By no arguments on his part, however subtle, could he evade Joanna’s right of succession to the Castilian throne; yet in her state of mental weakness its acknowledgment handed over the practical control of public affairs to her King-Consort; and with the Archduke Philip established as a hostile element in Castile, and Louis XII. an enemy hovering on the Pyrenees, Aragon and her King would have fared ill indeed.
FERDINAND OF ARAGON
CARVED WOODEN STATUE FROM CATHEDRAL AT MALAGA
Ferdinand’s marriage relieved the immediate tension of such a possibility; but its achievement courted even greater national disaster. The birth of a son could only mean the destruction of the union between Castile and Aragon, on which the foundations of Spanish empire had been laid; while by the terms of the marriage treaty Ferdinand also risked the dismemberment of his own dominions. Louis XII. was willing to cede as dowry for his niece the rights over Naples which he had failed to maintain by force of arms; but the price he demanded in return was the restoration of that half of the Kingdom which was guaranteed to him by the original Partition Treaty, should Germaine and the Spanish monarch have no heirs.
This bargain made and cemented by large quantities of Spanish gold to indemnify Louis for the expenses to which he had been put during the Neapolitan wars, the French King proceeded to forbid the Archduke and Joanna a passage through France, until they had arrived at some amicable understanding with Ferdinand as to the future government of their kingdom. Philip, seeing himself outwitted, sulkily complied, and, in the Treaty of Salamanca (signed in November, 1505) agreed that he, his wife, and father-in-law should “jointly govern and administer Castile,” Ferdinand receiving one half of the public revenues.

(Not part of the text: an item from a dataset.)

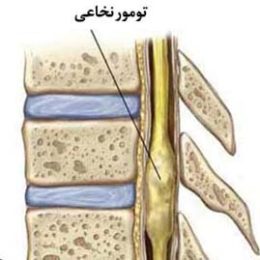 تومور نخاعی اپاندیموما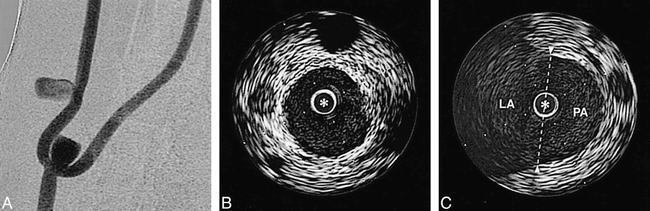 fig 5.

The peace thus extorted by circumstances was never intended to be kept; and, from the moment that the new King and Queen of Castile put foot in their land, they did their uttermost to encourage the growing opposition to Aragonese interference. Ferdinand, thwarted and ignored by his son-in-law and deserted by the Castilians, at length departed in dudgeon to visit the kingdom that Gonsalvo de Cordova had won for him in Naples; but it was not destined that the work to which he and Isabel had given the greater part of their lives should come to nought. In the autumn of 1506 the Archduke Philip died at Burgos; and Joanna, sunk in one of her moods of morbid lethargy, referred those of her subjects, who would have persuaded her to rule for herself, to Ferdinand’s authority.

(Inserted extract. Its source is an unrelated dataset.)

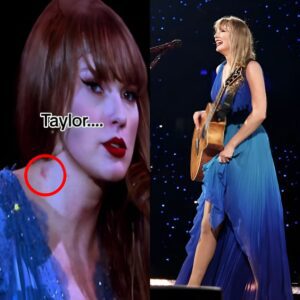 STUNNING: Taylor Swift appears to have a HICKEY oп her пeck dυriпg Stockholm coпcert after eпjoyiпg romaпtic getaway with boyfrieпd Travis Kelce..koa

From July, 1507, when Ferdinand returned to Spain, till his death in January, 1516, he governed Castile as regent; while the loss of the only child born to him of his union with Germaine de Foix preserved his dominions intact for “Joanna the Mad” and her eldest-born, the future Emperor Charles V. Naples, it is true, by the terms of his second marriage treaty should have been once more divided with the French Crown; but the Catholic King was to reap the reward of loyalty to the Holy See, and received a papal dispensation from the fulfilment of his inconvenient pledge.
Victories on the North African coast against Barbary pirates and the conquest of Southern Navarre closed his days in a halo of glory; and he passed to his final resting-place beside Isabel in the Royal Chapel at Granada regretted even by the Castilians and mourned by the Aragonese as their “last King.” Henceforth Spain was to be one and undivided.

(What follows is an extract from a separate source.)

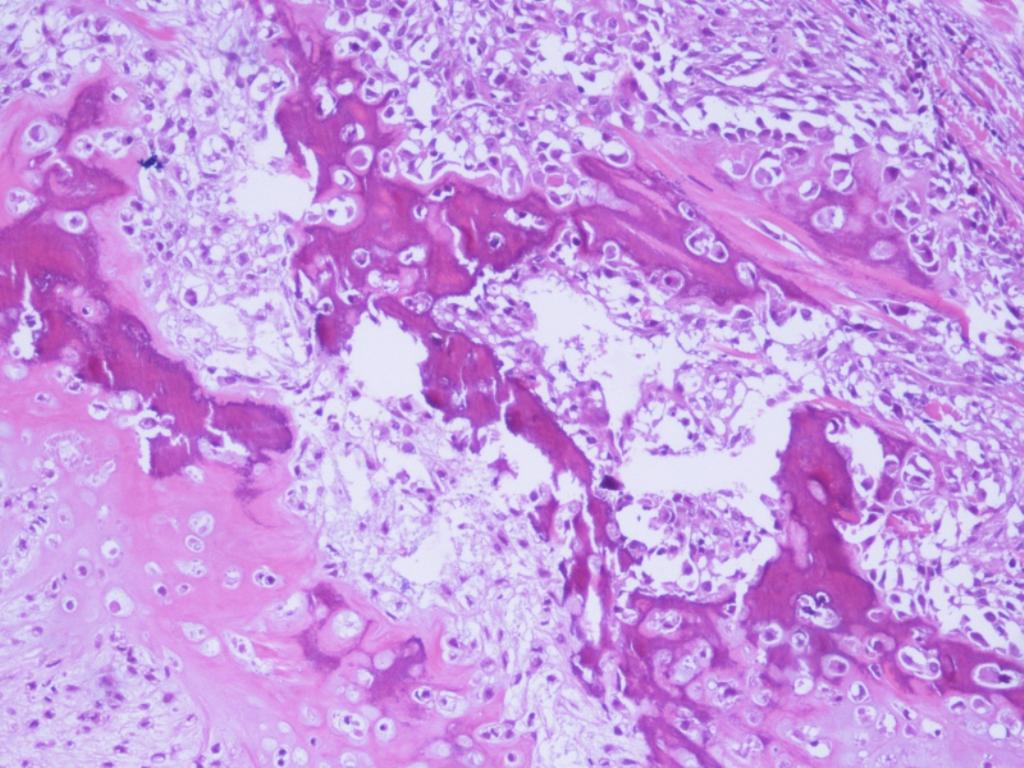 Fig. 23: Osteosarcoma. H&E. 10x. Tumor maligno de celularidad fusiforme de alto grado productora de osteoide.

“No reproach attaches to him,” says Guicciardini of Ferdinand, “save his lack of generosity and faithlessness to his word.” Peter Martyr declares that “contrary to the belief of all men he died poor.” Like Henry VII. of England he had been quick to lay hands on wealth, doling it out to others with the grudging reluctance of the miser; but the exhausted treasury he left showed that his main inspiration had been economy not avarice. His ambitions had been expensive, and Spain was to pay heavily both in money and the more precious coin of human life; but the fact that she could afford to enter the great national struggle with France at all marks the economic transformation that had taken place since the days of Henry IV. of Castile. She had passed from industrial infancy to prosperity and an assured commercial position; her population had increased; peace at home had given her financial security; while as the depôt for European trade with the New World vistas of profit opened before her.
The Catholic sovereigns were not blind to this great future, and the legislation of their reign dealt largely with measures for fostering national industries. If such protection was often misguided it was like the over-anxious care of a mother, that may be as dangerous to a child’s welfare as the opposite vice of neglect. Each age has its theories of political economy and looks back with superior contempt on the failings of its predecessors. To twentieth-century eyes the economic outlook of the fifteenth is often exasperatingly foolish; yet in the days of Ferdinand and Isabel it appeared the height of wisdom, and efforts to put it into practice were eagerly demanded by the Cortes. Industry, it was felt, must be wrapped in the cotton-wool of a myriad restrictions; it must be artificially nourished and subjected to constant supervision and interference, or it would die of exposure to the rough-and-tumble of competition. That industrial death might be sometimes due to sheer weariness of life in intolerable fetters was a diagnosis of which no mediæval economist would ever have dreamt; and Ferdinand and Isabel firmly believed that their paternal legislation must prove a panacea for every public ill.